Yakni malam 21, 23, 25, 27, dan 29. Lalu sebagian ulama
merajihkan (menguatkan), Lailatul Qadar berpiindah-pindah dari
dari satu malam ke malam ganjil lainnya pada setiap tahunnya.
Lailatul Qadar tidak melulu pada satu malam tertentu pada
setiap tahunnya.
Imam al-Nawawi rahimahullah berkata: "Ini adalah yang zahir dan
terpilih karena bertentangan di antara hadits-hadits shahih
dalam masalah itu. tidak ada jalan untuk menjama'
(mengompromikan) di antara dalil-dalil tersebut kecuali dengan
intiqal (berpindah-pindah)-nya."
Syaikh Abu Malik Kamal dalam Shahih Fiqih Sunnah memberikan
catatan terhadap pendapat-pendapat tentang Lailatul Qadar di
atas, "Yang jelas, menurutku, Lailatul Qadar terdapat pada
malam-malam ganjil di sepuluh malam terakhir dan
berpindah-pindah di malam-malam tersebut. Ia tidak khusus hanya
pada malam ke 27 saja. Adapun yang disebutkan oleh Ubay,
Lailatul Qadar jatuh pada malam ke 27, ini terjadi dalam suatu
tahun dan bukan berarti terjadi pada semua tahun.
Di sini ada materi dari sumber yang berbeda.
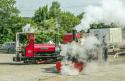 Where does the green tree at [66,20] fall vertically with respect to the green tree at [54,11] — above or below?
below

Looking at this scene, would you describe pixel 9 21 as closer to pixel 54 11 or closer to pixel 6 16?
pixel 6 16

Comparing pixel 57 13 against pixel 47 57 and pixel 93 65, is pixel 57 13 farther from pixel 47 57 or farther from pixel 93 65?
pixel 93 65

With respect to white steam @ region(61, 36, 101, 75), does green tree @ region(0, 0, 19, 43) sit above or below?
above

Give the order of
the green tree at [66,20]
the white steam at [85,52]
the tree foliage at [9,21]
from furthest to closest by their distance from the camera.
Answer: the tree foliage at [9,21]
the green tree at [66,20]
the white steam at [85,52]

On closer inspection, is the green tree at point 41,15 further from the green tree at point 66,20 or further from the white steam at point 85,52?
the white steam at point 85,52

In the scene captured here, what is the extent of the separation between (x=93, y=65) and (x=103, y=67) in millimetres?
1454

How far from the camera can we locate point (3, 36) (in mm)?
73000

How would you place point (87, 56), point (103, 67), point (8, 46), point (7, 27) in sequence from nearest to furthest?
1. point (87, 56)
2. point (103, 67)
3. point (8, 46)
4. point (7, 27)

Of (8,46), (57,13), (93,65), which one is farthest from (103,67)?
(57,13)

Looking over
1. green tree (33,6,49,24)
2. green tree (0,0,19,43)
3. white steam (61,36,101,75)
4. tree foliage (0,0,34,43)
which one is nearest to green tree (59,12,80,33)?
green tree (33,6,49,24)

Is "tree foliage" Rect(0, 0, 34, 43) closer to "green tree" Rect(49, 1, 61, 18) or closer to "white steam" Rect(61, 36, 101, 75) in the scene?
"green tree" Rect(49, 1, 61, 18)

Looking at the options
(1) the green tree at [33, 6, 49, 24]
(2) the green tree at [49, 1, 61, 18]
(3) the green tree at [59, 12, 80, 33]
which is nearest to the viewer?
(3) the green tree at [59, 12, 80, 33]

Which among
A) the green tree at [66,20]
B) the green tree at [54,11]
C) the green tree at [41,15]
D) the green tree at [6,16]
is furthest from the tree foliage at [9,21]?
the green tree at [54,11]

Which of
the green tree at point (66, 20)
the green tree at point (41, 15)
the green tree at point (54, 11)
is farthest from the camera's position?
the green tree at point (54, 11) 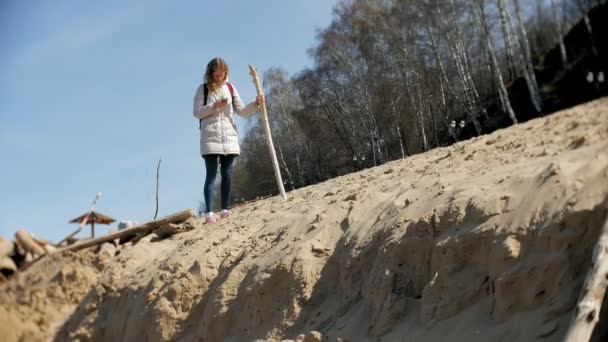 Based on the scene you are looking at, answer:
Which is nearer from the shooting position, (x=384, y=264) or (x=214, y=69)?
(x=384, y=264)

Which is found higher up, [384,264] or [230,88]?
[230,88]

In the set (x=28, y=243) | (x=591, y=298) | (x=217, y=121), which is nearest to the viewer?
(x=591, y=298)

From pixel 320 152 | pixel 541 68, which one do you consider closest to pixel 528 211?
pixel 541 68

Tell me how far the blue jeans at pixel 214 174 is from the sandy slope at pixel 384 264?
1.22 ft

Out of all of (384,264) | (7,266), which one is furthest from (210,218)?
(384,264)

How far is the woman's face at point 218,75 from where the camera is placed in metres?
7.39

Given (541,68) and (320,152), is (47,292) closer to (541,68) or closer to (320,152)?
(541,68)

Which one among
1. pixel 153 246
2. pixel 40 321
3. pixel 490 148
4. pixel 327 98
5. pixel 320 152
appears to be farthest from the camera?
pixel 320 152

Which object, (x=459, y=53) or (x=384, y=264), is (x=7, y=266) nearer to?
(x=384, y=264)

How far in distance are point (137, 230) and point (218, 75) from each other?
235 cm

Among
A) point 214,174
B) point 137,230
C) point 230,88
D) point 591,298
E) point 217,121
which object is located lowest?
point 591,298

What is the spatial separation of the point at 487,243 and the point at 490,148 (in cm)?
164

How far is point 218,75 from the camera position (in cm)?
740

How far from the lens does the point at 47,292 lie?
24.2 ft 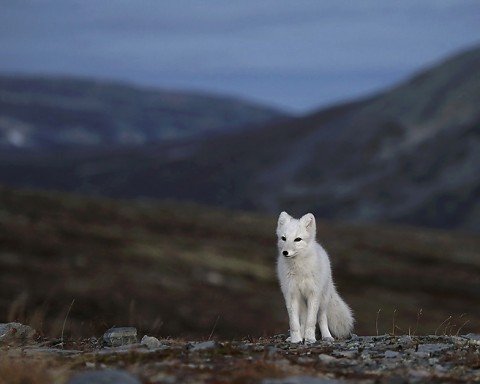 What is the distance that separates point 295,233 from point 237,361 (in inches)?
160

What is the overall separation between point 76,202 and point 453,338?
8523 cm

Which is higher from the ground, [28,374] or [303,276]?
[303,276]

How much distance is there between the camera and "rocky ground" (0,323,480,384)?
35.2 feet

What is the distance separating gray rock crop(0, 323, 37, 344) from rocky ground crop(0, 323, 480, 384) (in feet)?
0.09

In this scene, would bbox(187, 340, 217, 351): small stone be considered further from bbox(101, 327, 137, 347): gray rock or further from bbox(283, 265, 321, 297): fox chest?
bbox(283, 265, 321, 297): fox chest

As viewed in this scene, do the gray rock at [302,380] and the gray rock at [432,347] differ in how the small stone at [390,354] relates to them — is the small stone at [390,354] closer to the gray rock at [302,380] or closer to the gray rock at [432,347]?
the gray rock at [432,347]

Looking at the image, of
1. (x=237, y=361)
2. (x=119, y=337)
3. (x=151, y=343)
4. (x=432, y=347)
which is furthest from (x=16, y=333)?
(x=432, y=347)

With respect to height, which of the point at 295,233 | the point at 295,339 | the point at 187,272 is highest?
the point at 295,233

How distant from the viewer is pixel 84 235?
7425 cm

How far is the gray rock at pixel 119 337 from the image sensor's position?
15.0 meters

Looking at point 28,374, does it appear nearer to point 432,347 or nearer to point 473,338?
point 432,347

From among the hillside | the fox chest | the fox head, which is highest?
the fox head

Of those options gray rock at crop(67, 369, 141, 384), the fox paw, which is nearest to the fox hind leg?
the fox paw

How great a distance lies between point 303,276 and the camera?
16.1m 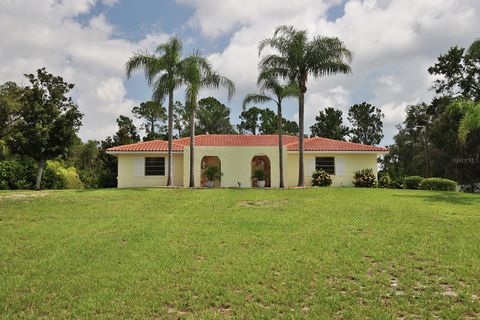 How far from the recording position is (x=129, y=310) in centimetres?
583

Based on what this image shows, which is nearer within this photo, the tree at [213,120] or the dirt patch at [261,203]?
the dirt patch at [261,203]

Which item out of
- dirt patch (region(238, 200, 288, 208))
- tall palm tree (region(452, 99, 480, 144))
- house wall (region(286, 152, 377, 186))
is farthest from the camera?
house wall (region(286, 152, 377, 186))

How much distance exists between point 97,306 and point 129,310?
20.3 inches

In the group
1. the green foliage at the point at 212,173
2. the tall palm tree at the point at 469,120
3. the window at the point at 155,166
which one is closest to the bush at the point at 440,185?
the tall palm tree at the point at 469,120

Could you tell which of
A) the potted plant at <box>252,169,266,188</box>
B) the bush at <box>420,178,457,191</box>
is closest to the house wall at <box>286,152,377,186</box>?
the potted plant at <box>252,169,266,188</box>

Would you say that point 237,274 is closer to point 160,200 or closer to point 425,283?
point 425,283

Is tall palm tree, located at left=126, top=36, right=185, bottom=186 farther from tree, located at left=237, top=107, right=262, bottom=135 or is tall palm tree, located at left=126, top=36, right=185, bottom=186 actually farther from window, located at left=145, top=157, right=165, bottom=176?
tree, located at left=237, top=107, right=262, bottom=135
Buktinya,
Nabi Shallallahu 'Alaihi Wasallam pernah mendapatinya pada
malam ke 21, sebagaimana yang disebutkan dalam hadits Abu Sa'id
Radhiyallahu 'Anhu, Nabi Shallallahu 'Alaihi Wasallam
berkhutbah kepada mereka seraya mengatakan:
"Sungguh aku telah diperlihatkan Lailatul Qadar, kemudian
terlupakan olehku. Oleh sebab itu, carilah Lailatul Qadar pada
sepuluh hari terakhir pada setiap malam ganjilnya. Pada saat
itu aku merasa bersujud di air dan lumpur."
Abu Sa'id berkata: "Hujan turun pada malam ke 21, hingga air
mengalir menerpa tempat shalat Rasulullah Shallallahu 'Alaihi
Wasallam. Seusai shalat aku melihat wajah beliau basah terkena
lumpur. (HR. Al- Bukhari dan Muslim)
Demikian kumpulan hadits yang menyinggung tentang masalah
Lailatul Qadar. Wallahu A'lam." (Selesai ulasan dari Shahih
Fiqih Sunnah: III/202-203)
Syaikh Shafiyyurrahman Al-Mubarakfuri dalam Ithaf al-Kiram
(Ta'liq atas Bulughul Maram) hal 197, mengatakan, "Pendapat
yang paling rajih dan paling kuat dalilnya adalah ia berada
pada malam ganjil di sepuluh hari terakhir. Ia bisa
berpindah-pindah, terkadang di malam ke 21, terkadang pada
malam ke 23, terkadang pada malam ke 25, terkadang pada malam
ke 27, dan terkadang pada malam ke 29. Adapun penetapan
terhadap beberapa malam secara pasti, sebagaimana yang terdapat
dalam hadits ini (hadits Mu'awiyah bin Abi Sufyan), ia di malam
ke 27, dan sebagaimana dalam beberapa hadits lain, ia berada di
malam 21 dan 23, maka itu pada tahun tertentu, tidak pada
setiap tahun. Tetapi perkiraan orang yang meyakininya itu
berlaku selamanya, maka itu pendapat mereka sesuai dengan
perkiraan mereka. Dan terjadi perbedaan pendapat yang banyak
dalam penetapannya."
Tanda-tanda Lailatul Qadar
Disebutkan juga oleh Syaikh Ibnu 'Utsaimin rahimahullah bahwa
Lailatul Qadar memiliki beberapa tanda-tanda yang mengiringinya
dan tanda-tanda yang datang kemudian.
Tanda-tanda yang megiringi Lailatul Qadar:
Kuatnya cahaya dan sinar pada malam itu, tanda ini ketika
hadir tidak dirasakan kecuali oleh orang yang berada di daratan
dan jauh dari cahaya.
Thama'ninah (tenang), maksudnya ketenangan hati dan
lapangnya dada seorang mukmin. Dia mendapatkan ketenanangan dan
ketentraman serta lega dada pada malam itu lebih banyak dari
yang didapatkannya pada malam-malam selainnya.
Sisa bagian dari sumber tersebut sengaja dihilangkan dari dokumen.